## [WHAT IS BEING ASKED]
Since the copy must hold text only, transcribe the data below exactly and omit the images.

## [EXERCISE DATA]
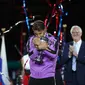 Rafael Nadal merayakan kemenangan atas Daniil Medvedev pada final AS Terbuka 2019 di Arthur Ashe Stadium, Minggu (8/9/2019) atau Senin pagi WIB. (AFP/Matthew Stockman)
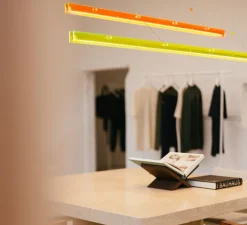 Suspension, Bridge 110, Vert toxique, LED, dim, 2700K, 1492 lm, L110cm, H5,1cm - Tonone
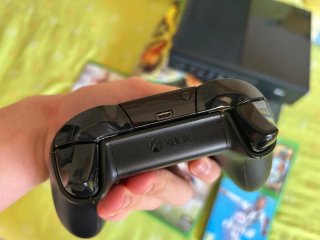 Pack Xbox One + 2 mandos+6 juegos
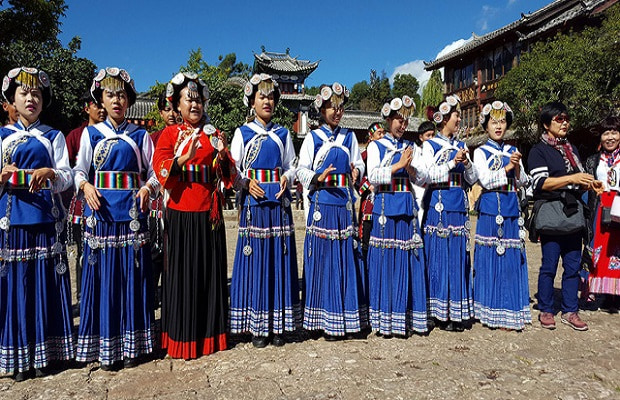 hồ khiêu hiệp - Nét văn hóa độc đáo của người Nạp Tây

## [RESPONSE AREA]
 Rafael Nadal merayakan kemenangan atas Daniil Medvedev pada final AS Terbuka 2019 di Arthur Ashe Stadium, Minggu (8/9/2019) atau Senin pagi WIB. (AFP/Matthew Stockman)
 Suspension, Bridge 110, Vert toxique, LED, dim, 2700K, 1492 lm, L110cm, H5,1cm - Tonone
 Pack Xbox One + 2 mandos+6 juegos
 hồ khiêu hiệp - Nét văn hóa độc đáo của người Nạp Tây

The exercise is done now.